VISU 1311: Blog #8

I really enjoyed how Dan Philips started off with his project, by explaining his various houses, and what he’s done to make each one recycled and reused. I think that this was a brilliant segway into getting into his main idea: the sheer amount of waste in the building industry, that comes from this mindset in the global age of materialism where everything must be perfect. I loved hearing about the different things that he’s made, or what ideas he’s gotten, and by accessing his audience through this fascination that I personally felt, he is able to continue into the large problem area extremely easily. He makes it relatable for the audience.

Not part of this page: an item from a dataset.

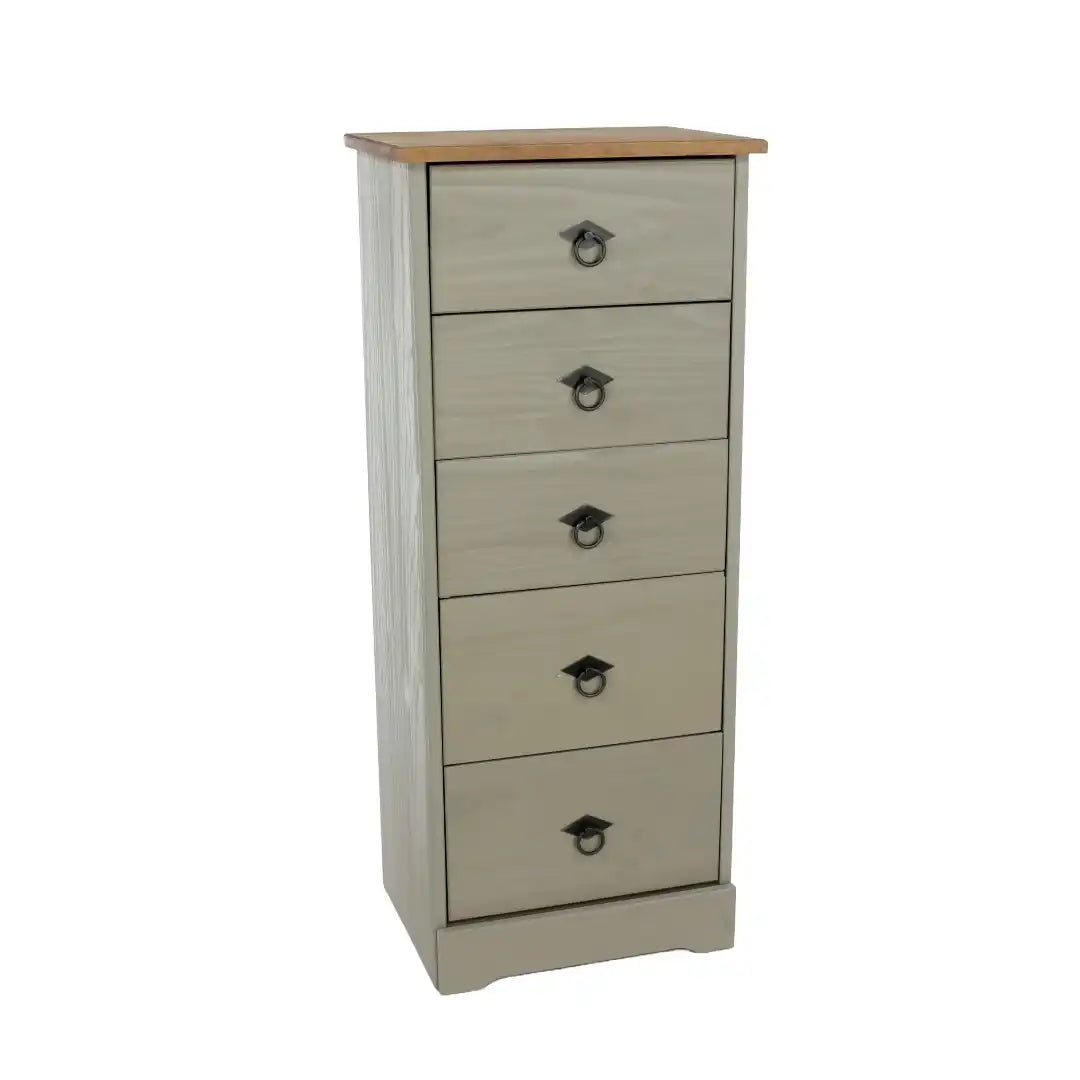 Grey Compact Corona 5 Drawer Narrow Chest - Price Crash Furniture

He first explains that the housing market today is a commodity, because of the human perception of continuity. If one little thing in the house doesn’t align with that continuity, then it gets thrown out, and it’s no big deal; it doesn’t affect the buyer’s life at all. He also blames these two different mindsets for this waste: Dionysian and Apollonian. With the perfectionist Apollonian mindset, it creates “mountains of waste”, and this cycle of perfection where everyone wants these things that must look perfect or it’s garbage. Having a Dionysian mindset would create mountains less of waste, because it focuses more on the gut instinct that all of us have.

We also tend to create this wasteful cycle of perfection through our ideas of how we think other people expect us to live. This happens to everyone; we all in some way are bothered by how other people think of us, and so we try to live up to their imagined expectations. In reality, that’s impossible, but we still do it. I thought that this living up to expectations was a really interesting point in the cycle of waste. I’ve never thought of it as such before, but it makes perfect sense: if there’s something wrong with your house, you fix it so that your neighbors don’t talk about it. And that’s called waste. It’s a hard thing to move past, but if we want to fix our environment, we need to stop throwing away all of this material just because we can. The amount of consumerism that occurs globally only helps this cycle along, and so the only solution we really have at the moment is reusing all of that broken material. It’s there, what else are we going to use when it all runs out? We need to stop living up to each other’s expectations in order to preserve our global environment.